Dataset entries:
::::::::::

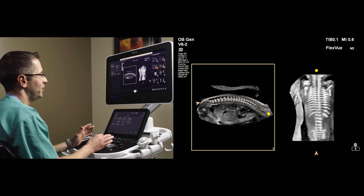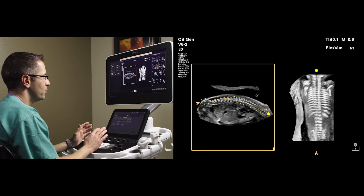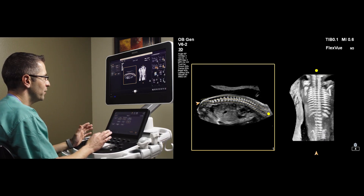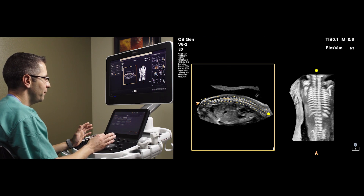Very easily achieved using a new tool, FlexView, available on the Philips EPIC and Affinity systems.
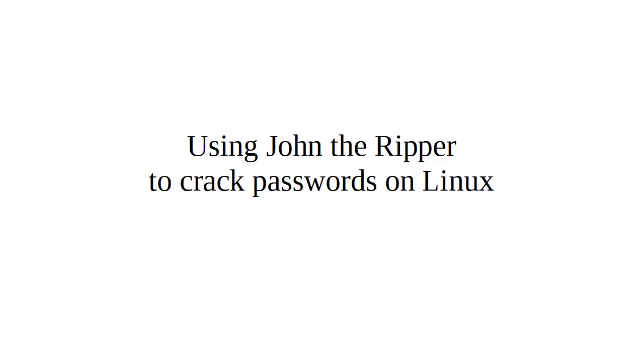System administrators sometimes need to verify that the passwords on their system are decent. So we're going to look at using John the Ripper to crack passwords on Linux machines.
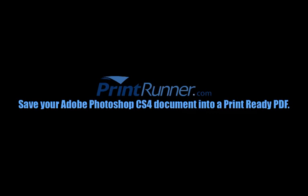Welcome to the Print Runner instructional video detailing how to save your Adobe Photoshop CS4 document into a print-ready PDF file. We encourage you to use this method as much as possible to ensure that your order meets our file check requirements and prevents any delays in the production process. Before you do anything, please be absolutely sure to keep one final unflattened PSD version saved for any future editing, as this process requires flattening of layers.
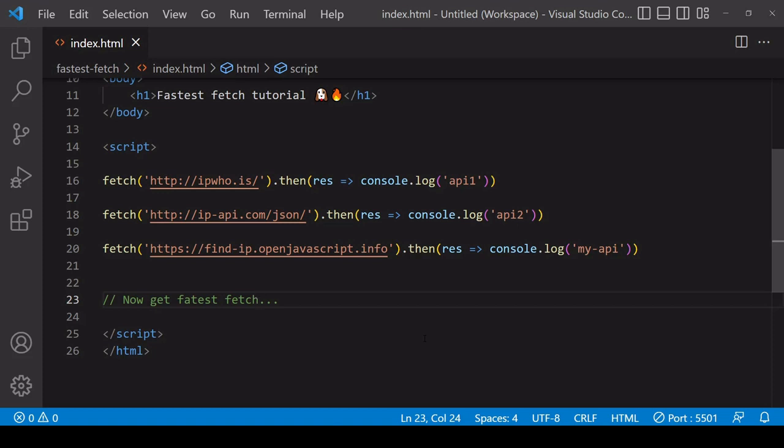This is useful when you have the opportunity to download an identical or very similar resource from multiple sources. For example, it could be a library that is available via several CDN links, or as is the case here, geolocation information based upon a user's IP address.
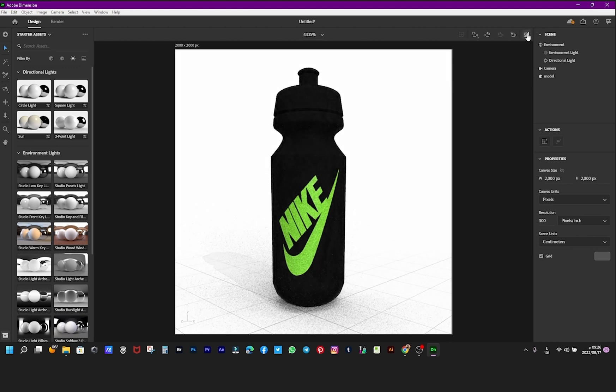From here we do a rendering to see what the final look will look like. This is a fast renderer.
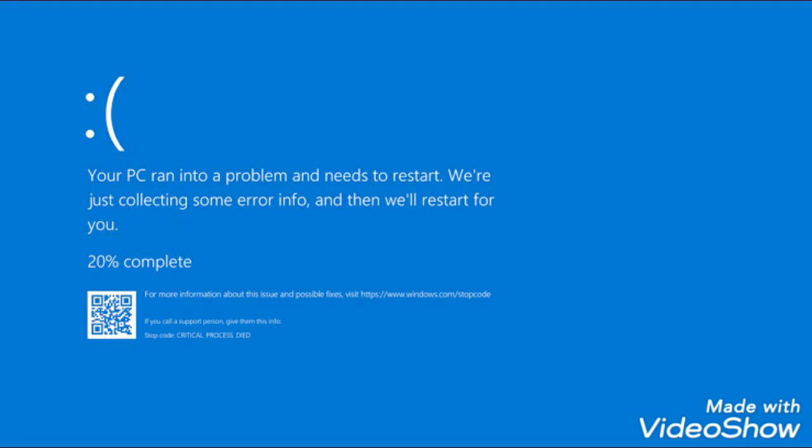So screw blue screen of death, and screw unable to connect to the internet. I don't know what's better, so I'll leave it be. Anyways, end of rant.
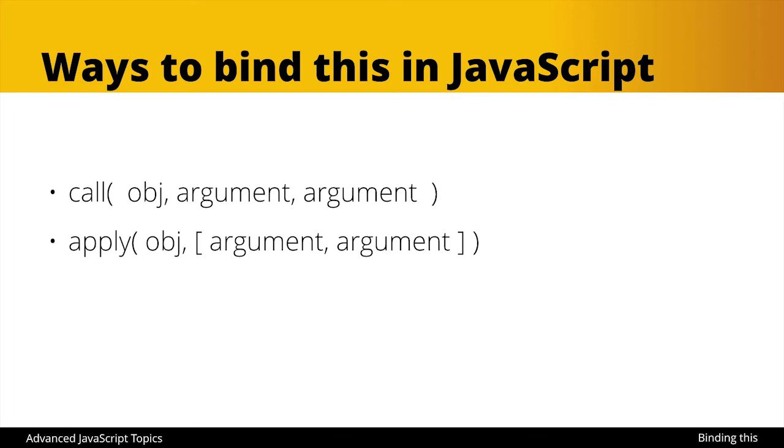In addition to these we also have bind, and bind is different in that bind will not immediately call the function, it will just bind a new object as this. So this would be helpful if you're using that function reference scenario and you want to keep the binding of this or if you want to reassign it to something else.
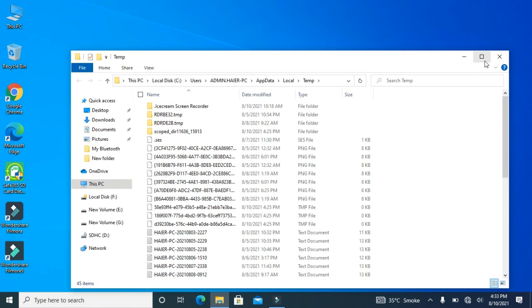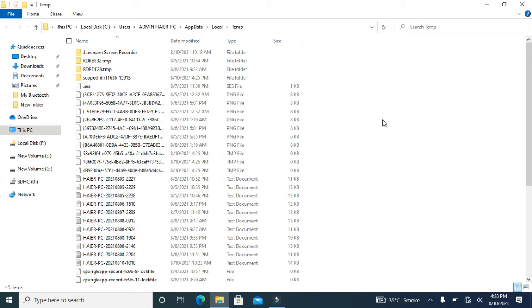Here on the screen, you have a lot of temporary files. You can select all of them by clicking Control + A, or just in a manual way,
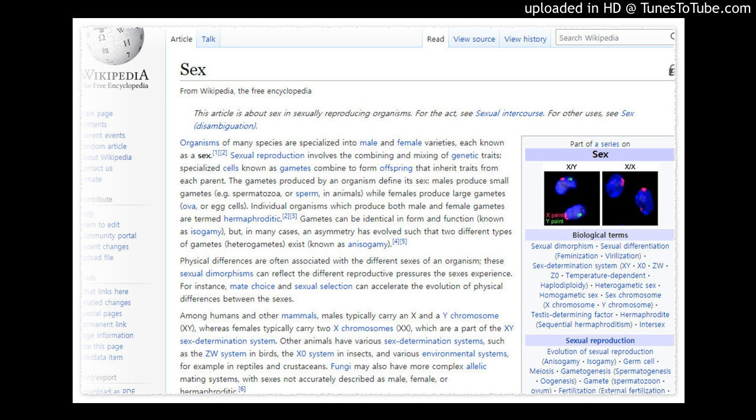In the X0 sex determination system, males have one X chromosome (X0), while females have two (XX). This system is found in most arachnids, insects such as silverfish, dragonflies, and grasshoppers, and some nematodes, crustaceans, and gastropods.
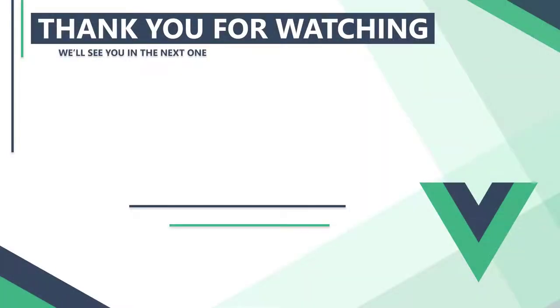In the next video we'll learn how to work with data stored locally in a JSON file. Thank you for watching, we'll see you in the next one.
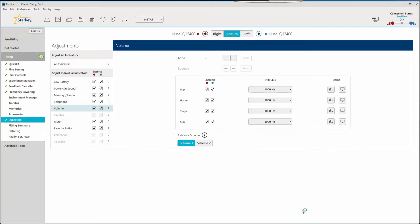Click on scheme one. It features one beep for minimum volume, three beeps for the home setting, five beeps for maximum volume, and one brief click for in-between steps.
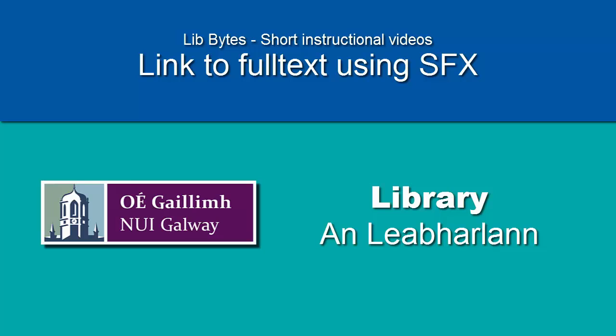Welcome to this library tutorial on how to link to the full text of a journal article using the SFX tab. If the full text of the article you require is not available in the database you are searching, use the SFX tab to search for it elsewhere.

::::::::::

▶ WHAT THE TASK ASKS
Repeat all entries exactly. Skip the pictures.

▶ SOLUTION BELOW
Very easily achieved using a new tool, FlexView, available on the Philips EPIC and Affinity systems.
System administrators sometimes need to verify that the passwords on their system are decent. So we're going to look at using John the Ripper to crack passwords on Linux machines.
Welcome to the Print Runner instructional video detailing how to save your Adobe Photoshop CS4 document into a print-ready PDF file. We encourage you to use this method as much as possible to ensure that your order meets our file check requirements and prevents any delays in the production process. Before you do anything, please be absolutely sure to keep one final unflattened PSD version saved for any future editing, as this process requires flattening of layers.
This is useful when you have the opportunity to download an identical or very similar resource from multiple sources. For example, it could be a library that is available via several CDN links, or as is the case here, geolocation information based upon a user's IP address.
From here we do a rendering to see what the final look will look like. This is a fast renderer.
So screw blue screen of death, and screw unable to connect to the internet. I don't know what's better, so I'll leave it be. Anyways, end of rant.
In addition to these we also have bind, and bind is different in that bind will not immediately call the function, it will just bind a new object as this. So this would be helpful if you're using that function reference scenario and you want to keep the binding of this or if you want to reassign it to something else.
Here on the screen, you have a lot of temporary files. You can select all of them by clicking Control + A, or just in a manual way,
In the X0 sex determination system, males have one X chromosome (X0), while females have two (XX). This system is found in most arachnids, insects such as silverfish, dragonflies, and grasshoppers, and some nematodes, crustaceans, and gastropods.
In the next video we'll learn how to work with data stored locally in a JSON file. Thank you for watching, we'll see you in the next one.
Click on scheme one. It features one beep for minimum volume, three beeps for the home setting, five beeps for maximum volume, and one brief click for in-between steps.
Welcome to this library tutorial on how to link to the full text of a journal article using the SFX tab. If the full text of the article you require is not available in the database you are searching, use the SFX tab to search for it elsewhere.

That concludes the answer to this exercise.